Saat Jibril memberitahu Rasulullah, langkahnya begitu cepat sehingga pasir putih meluncur dari sandal-sandalnya yang kian hancur. Beliau menggambarkan kekhawatiran bahwa malaikat mungkin mendahuluinya untuk memandikan Sa'ad, sebuah tangisan kepedihan bagi hamba Allah yang mendekati keabadian.
Sampai di rumah Sa'ad, Rasulullah bersabda, "Aku khawatir malaikat akan mendahului kita dan memandikannya seperti mereka memandikan Hanzalah." Kedahsyatan momen itu tercermin dalam air mata Nabi yang mengalir, membasahi janggutnya yang suci.
Kuburan Baki' bergemuruh saat jasad Sa'ad turun, takbir Rasulullah dan kaum Muslimin menggetarkan makamnya. "Kubur yang menyesakkan bagi saudaramu," ucap Rasulullah, mengisyaratkan kebesaran dan kekhususan saat Sa'ad menghadap Sang Pencipta.
Air mata Rasulullah tidak berhenti mengalir, menyirami bumi dengan kedalaman rasa kehilangan. "Inilah hamba shalih yang digetarkan Arasy untuknya, langit dibukakan untuknya," ujar Beliau, memberikan penghormatan terakhir pada Sa'ad bin Mu'adh.
Namun, kehebatan Sa'ad tidak hanya terletak pada saat kematiannya.
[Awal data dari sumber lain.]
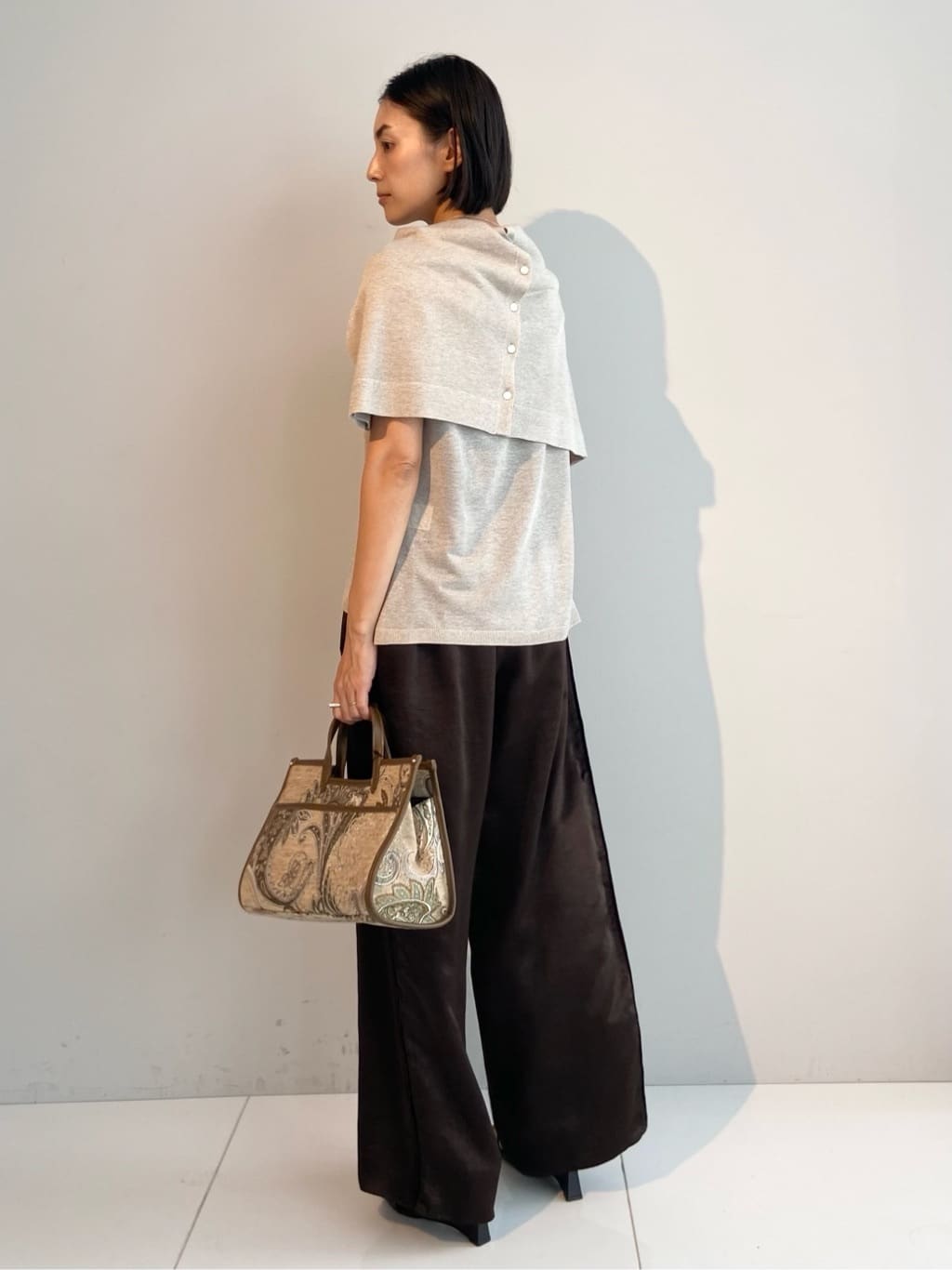 AYAさんの「UNTITLED｜【アンサンブル可/洗える】シアーノースリーブ プルオーバー」を使ったコーディネート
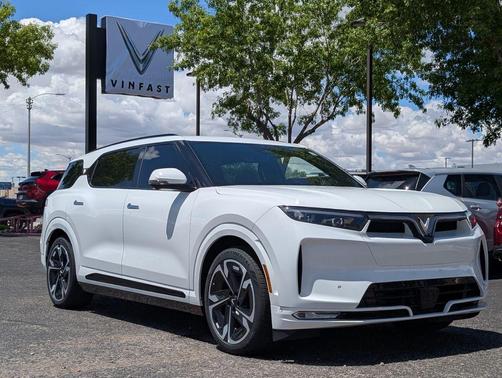 2024 VinFast VF 9 Plus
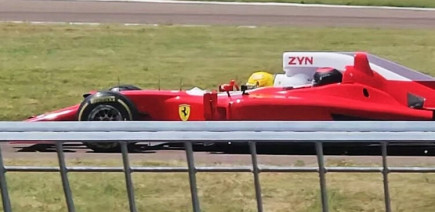 Hamilton en Ferrari triplace à Fiorano : l’incroyable vidéo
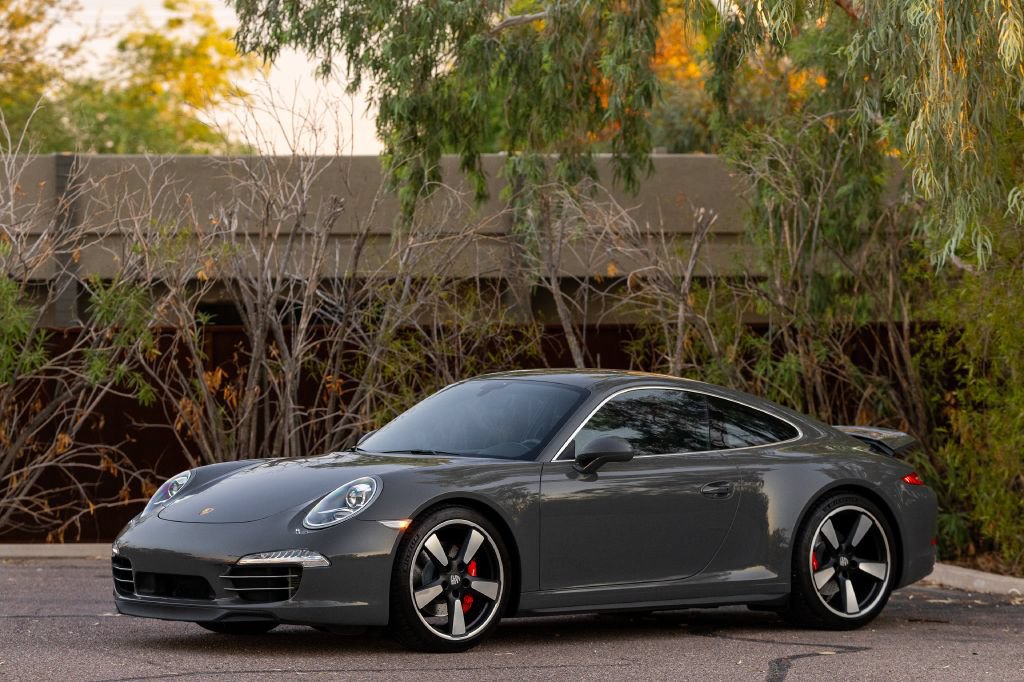 Used 2014 Porsche 911 50th Anniversary Edition RWD image 5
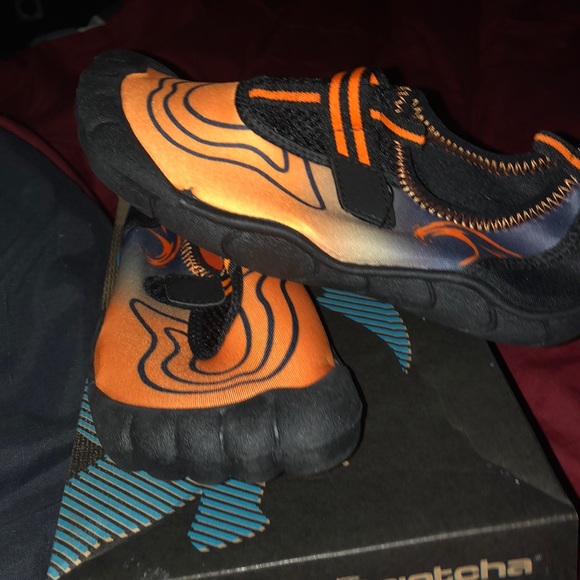 Shoes - Picture 2 of 2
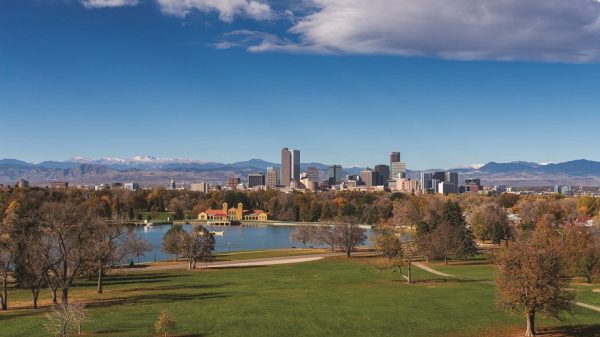 An elevated view of the city of Denver, Colorado skyline. (istock.com/Creative Peaks)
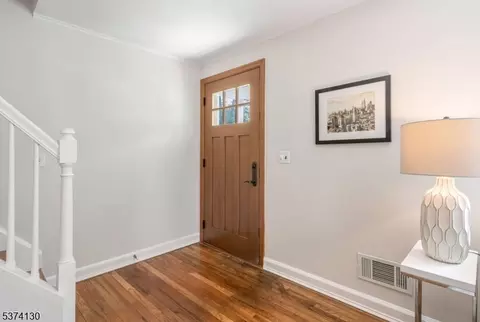 44 Hillcrest Dr, Wayne, NJ 07470 photo 5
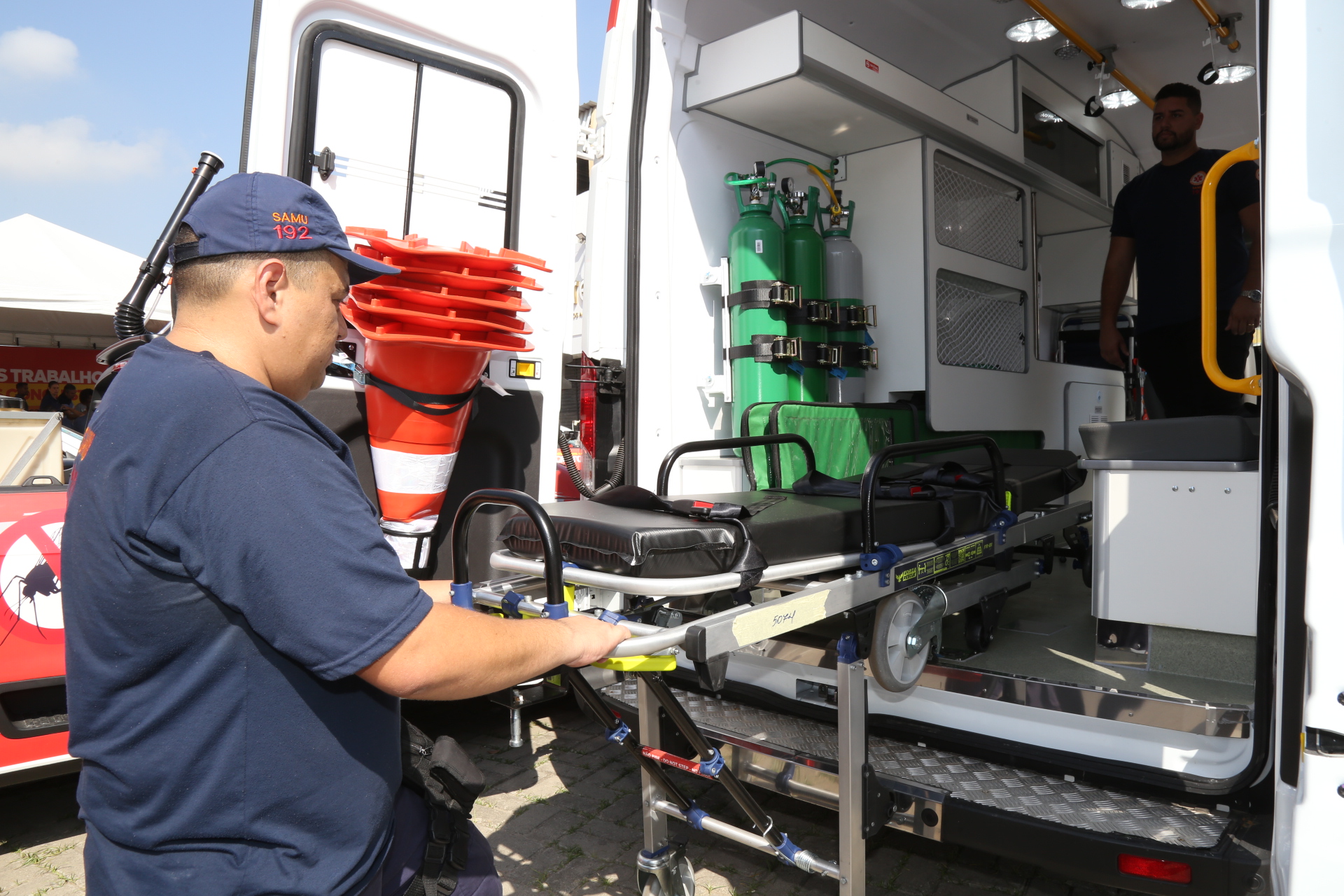 SES reforça SAMU de Belford Roxo com entrega de 3 novas ambulâncias (Foto: Mauricio Bazilio/ SES)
Di antara gemuruh perang Khandak, dia berdoa dengan mata yang penuh keimanan, memohon agar dia tidak wafat sebelum menyaksikan hukuman yang adil bagi pengkhianat Bani Nadhir. Doanya diijabah, dan saatnya tiba, Sa'ad dengan tegas menjatuhkan fatwa hukuman yang layak bagi kaum yang mengkhianati perjanjian.
Iman Sa'ad, ketulusan hatinya, dan keberanian dalam menegakkan keadilan menggambarkan puncak heroisme dan epiknya dalam perjalanan hidup yang singkat namun megah.